SutaCentral, read me a sutta (Emma)

karl_lew · August 10, 2018, 8:11pm

I’ve been experimenting with the “SuttaCentral, read me a sutta” concept, especially in the area of text-to-speech (TTS). I’ve evaluated several ways of converting printed material to speech:

Amazon Polly
IBM Watson TextToSpeech
ChromeVox
ispeech.org
several others too bad to list

As the primary criterion for choosing among these, I would propose that any automatic speech for suttas should ideally be conducive to aware and tranquil listening. In other words, not only is the informational content important, but the delivery itself should be clear, dispassionate, engaging and smooth.

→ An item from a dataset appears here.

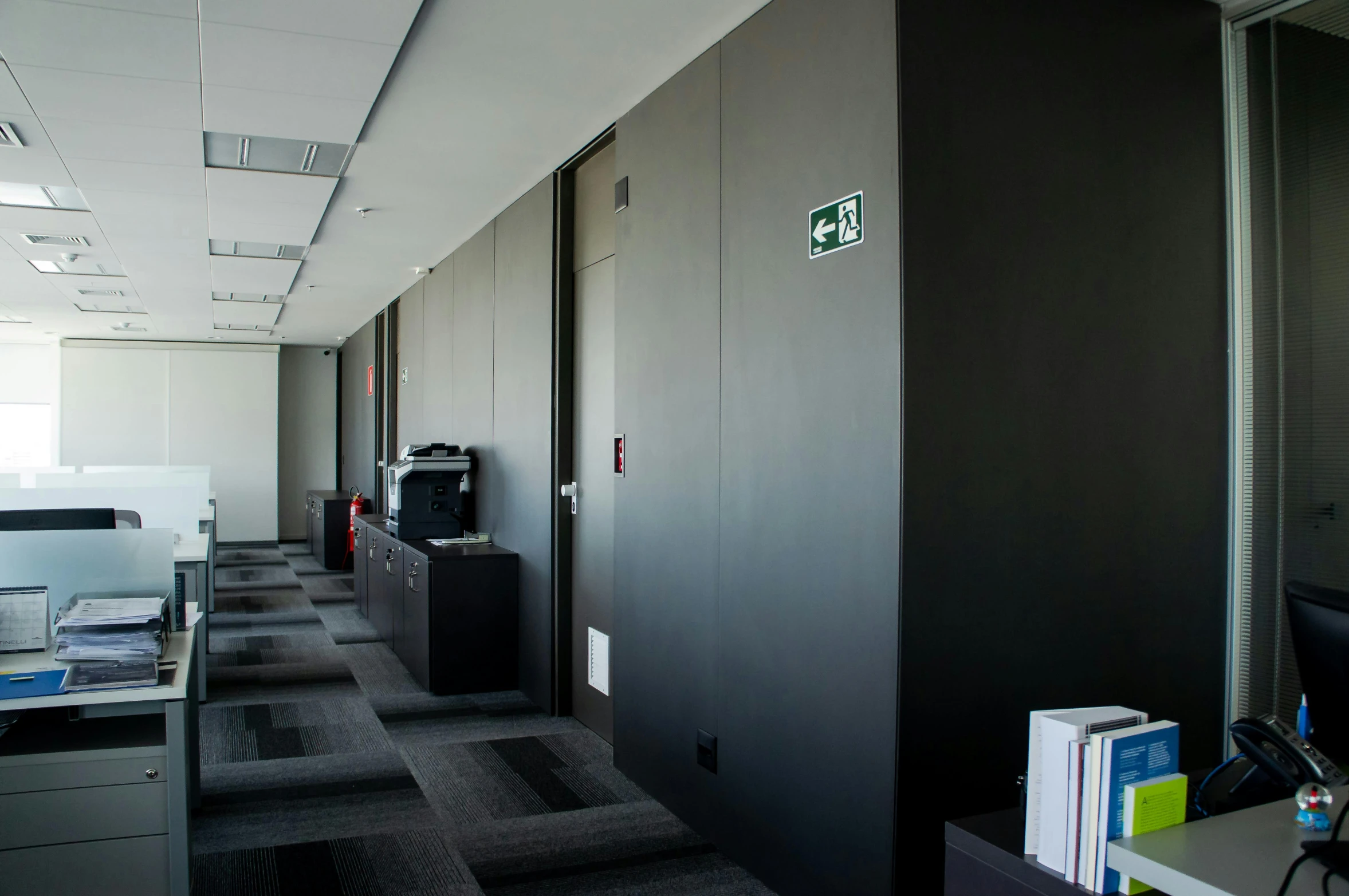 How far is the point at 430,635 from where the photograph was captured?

The services/software listed above are shown in decreasing order of acceptability. Amazon Polly is the best and offers many voices, many of which are conversationally engaging and smooth. Here is an excerpt of The Root of Existence MN1 spoken by AWS Polly using the Emma and Amy voices at varying pitches and rates. For example, p30 means -30% of natural voice pitch, and r10 means -10% of normal speaking speed.

The Root of Existence MN1/Bodhi AWSPolly/Emma/p30r10
The Root of Existence MN1/Bodhi AWSPolly/Emma/p20r20
The Root of Existence MN1/Bodhi AWSPolly/Emma/p15-r20
The Root of Existence MN1/Bodhi AWSPolly/Amy/p0-r20

Please listen to these samples and share your thoughts on:

clarity: are the words spoken clearly? What words are difficult?
engagement: how long could you listen to such a voice? one sutta? several suttas? an afternoon of suttas?
affect: how does the speech affect you? Is it irritating? Is it neutral? Is it calming?
content: is there any sutta excerpt you’d like to hear? I’ll be happy to generate it.
anything else that comes to mind

NOTE: Please ignore the advertisements. They are from SoundCloud, which I’m using just for sharing prototypes. SuttaCentral itself would not have such ads.

Viveka · August 10, 2018, 9:17pm

clarity: are the words spoken clearly? What words are difficult?

It took me the whole of the first section to ‘align’ my hearing to the speech. the pitch and the ‘whispery’ quality made it difficult to distinguish between words. I didn’t recognise the word 'Earth" until the last repetition.

engagement: how long could you listen to such a voice? one sutta? several suttas? an afternoon of suttas?

It definitely gets easier the longer one listens. I would classify it as tolerable rather than pleasant - definitely only use it if there is a strong need ie no other option.

affect: how does the speech affect you? Is it irritating? Is it neutral? Is it calming?

While not immediately associated with calming feelings, one could habituate to it - would take some effort - but that is part of mind discipline

content: is there any sutta excerpt you’d like to hear? I’ll be happy to generate it.
anything else that comes to mind

Thank-you, this is most kind of you

Sadhu Sadhu Sadhu!

mikenz66 · August 10, 2018, 9:23pm

Thanks Karl, that’s amazing.

For my taste, it’s a little too fast. Is this something that could be controlled by the user?

Also, taking what I gather is a female voice and reducing the pitch sounds, to me, a little odd, and gives a slightly irritating edge. I was reminded of Gollum in the Lord of the Rings movies… Was there a reason for varying the pitch so much?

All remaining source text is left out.